Your reply should consist only of the lines from the one holding "2920 Leopold Ave - Photo 3" to the last line of the data below, written out exactly and without pictures.

[Opening GIVEN ENTRIES section]

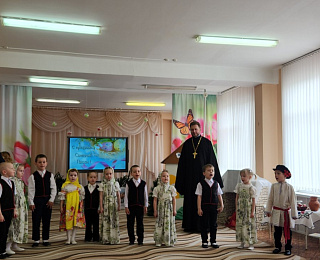 Протоиерей Георгий Пиголь посетил пасхальный утренник в детском саду №1 г. Ельска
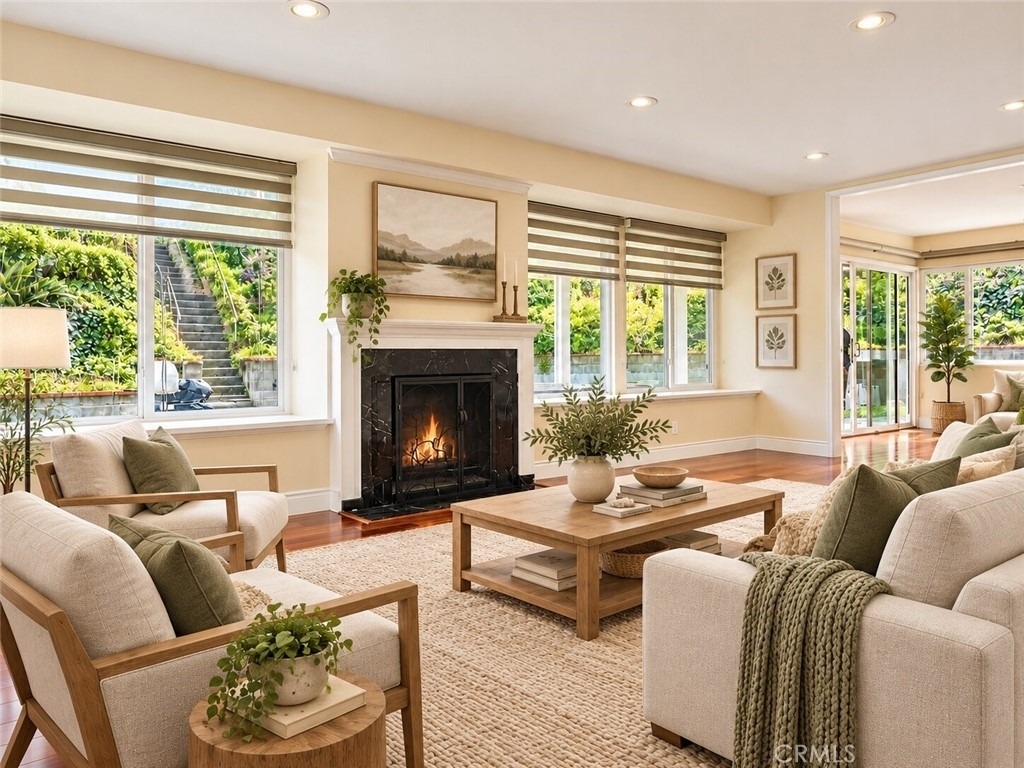 2920 Leopold Ave - Photo 3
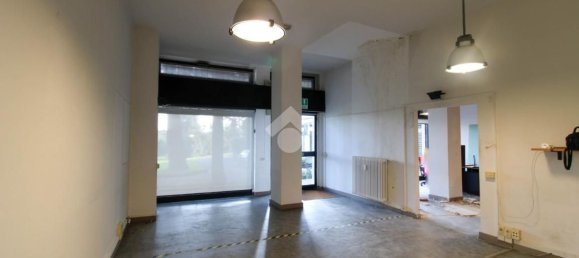 70m² Commercial property in Cernusco sul Naviglio, Italy No. 85147 8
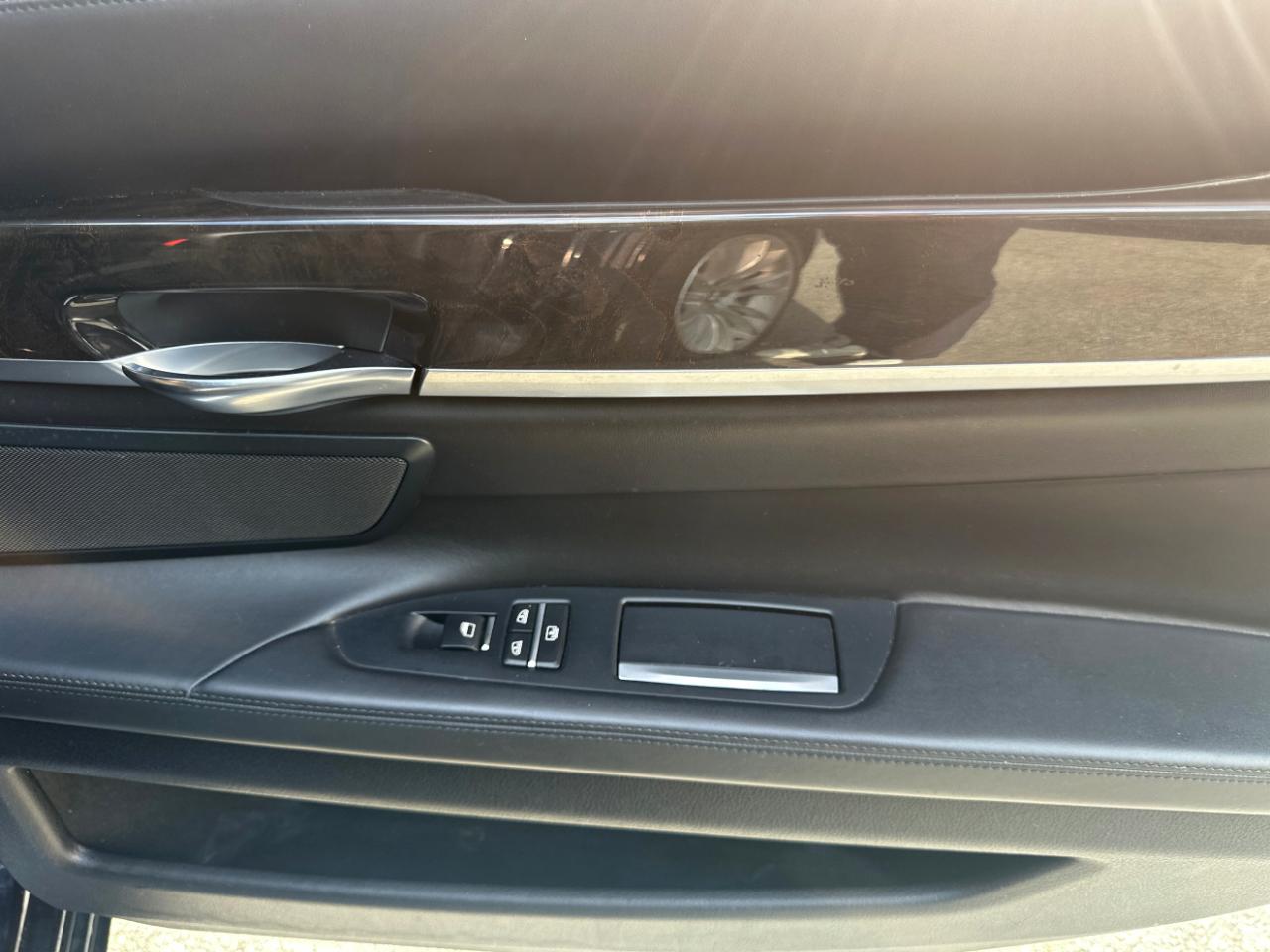 BMW 7-Series 750Li xDrive 2014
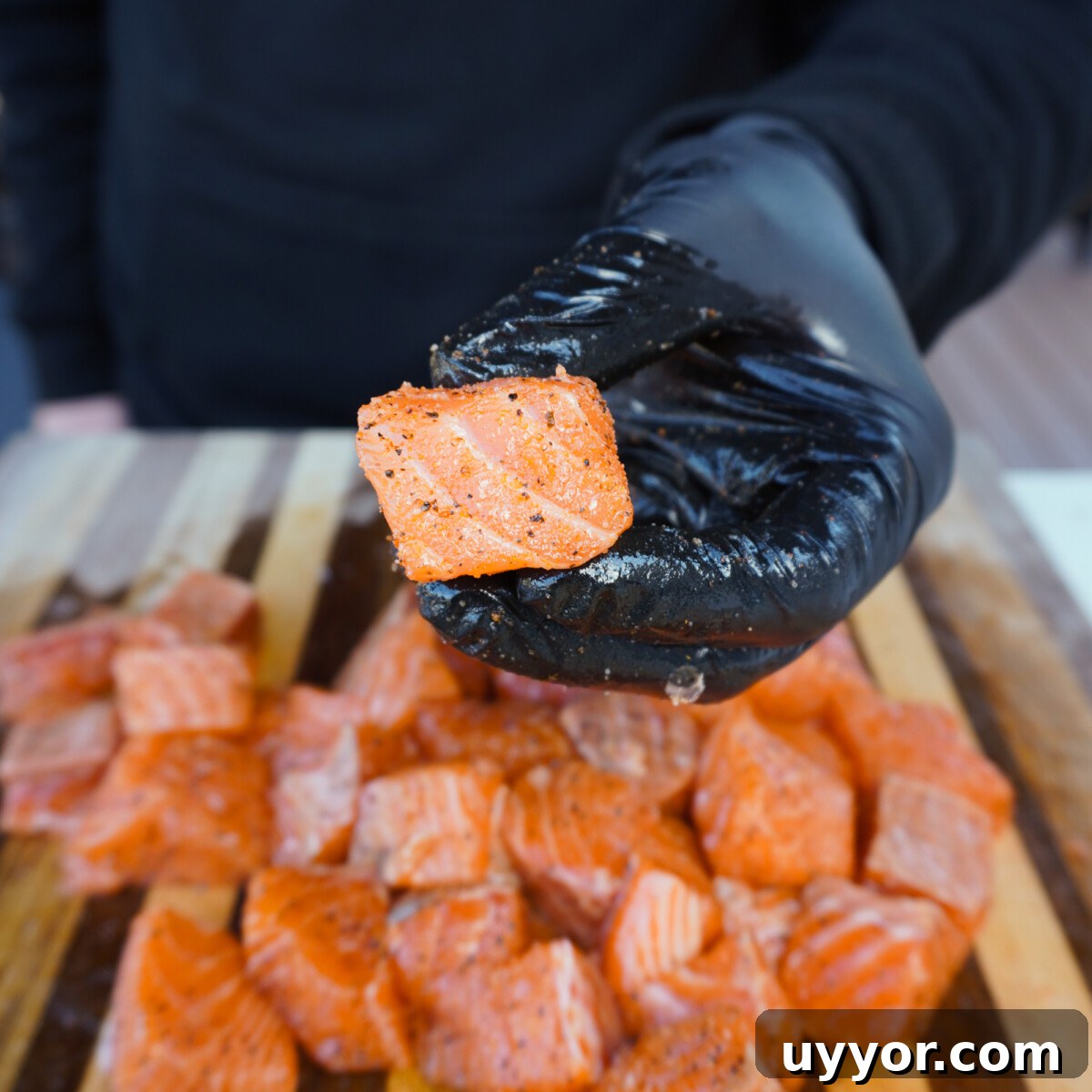 Crispy Cajun Salmon Bites with Zesty Lemon Dipping Sauce 6 seasoned raw salmon bites.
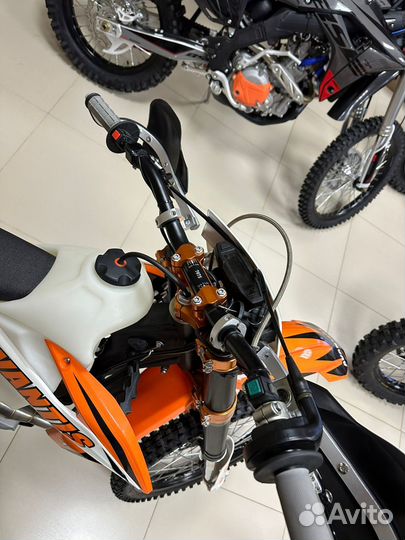 Мотоцикл Avantis A8 250 (PR250/172FMM-5) KKE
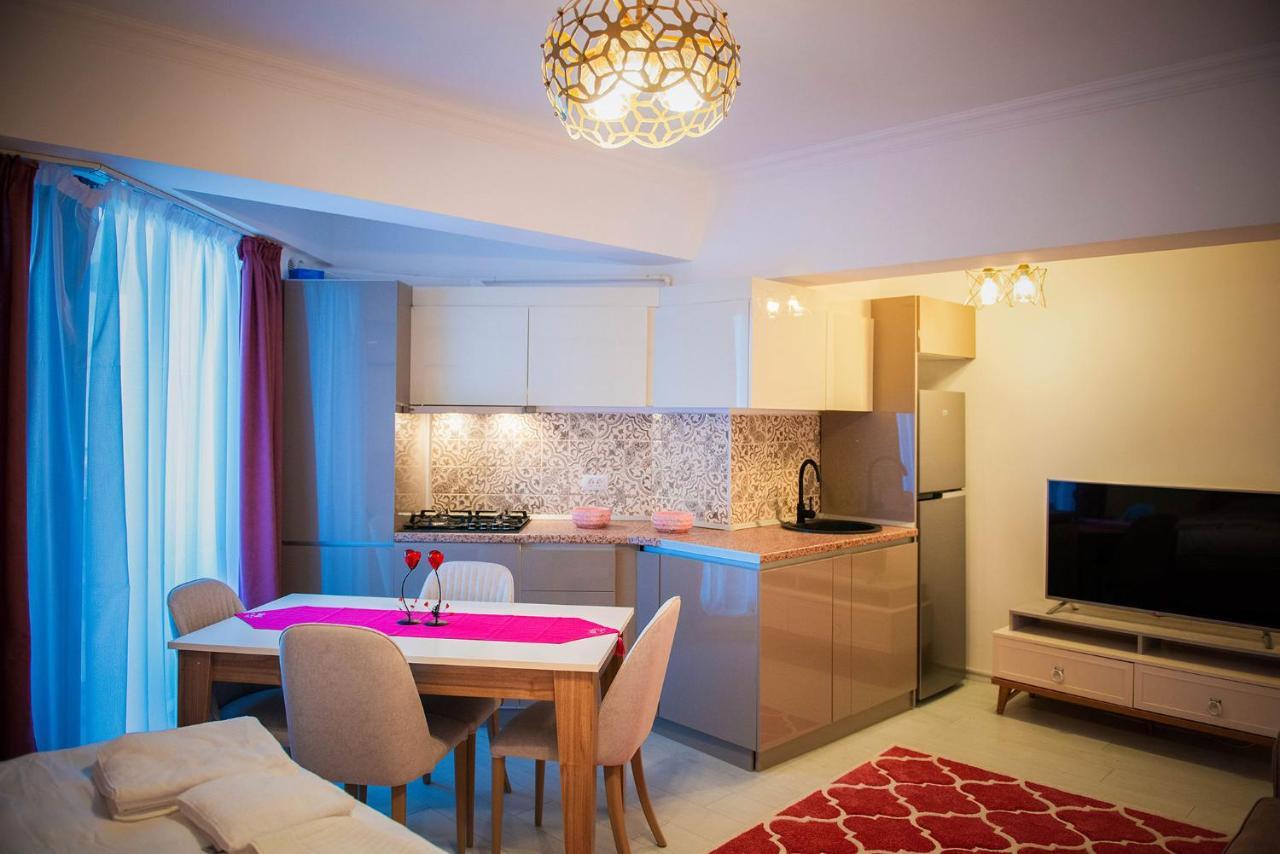 Konak Solid Residence Mamaia Butoaie ママイア エクステリア 写真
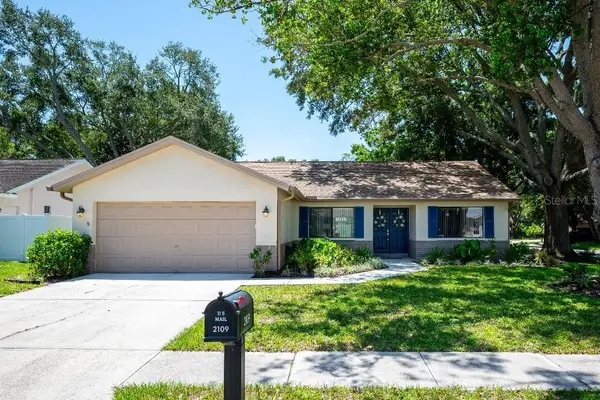 2109 Cypress Point Drive N, CLEARWATER, FL 33763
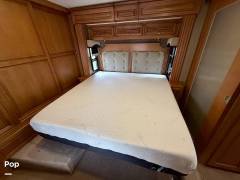 2013 Forest River Charleston M-430BHQS-450 Cummins, $ 132,000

[Closing GIVEN ENTRIES section]

=== RESPONSE ===
 2920 Leopold Ave - Photo 3
 70m² Commercial property in Cernusco sul Naviglio, Italy No. 85147 8
 BMW 7-Series 750Li xDrive 2014
 Crispy Cajun Salmon Bites with Zesty Lemon Dipping Sauce 6 seasoned raw salmon bites.
 Мотоцикл Avantis A8 250 (PR250/172FMM-5) KKE
 Konak Solid Residence Mamaia Butoaie ママイア エクステリア 写真
 2109 Cypress Point Drive N, CLEARWATER, FL 33763
 2013 Forest River Charleston M-430BHQS-450 Cummins, $ 132,000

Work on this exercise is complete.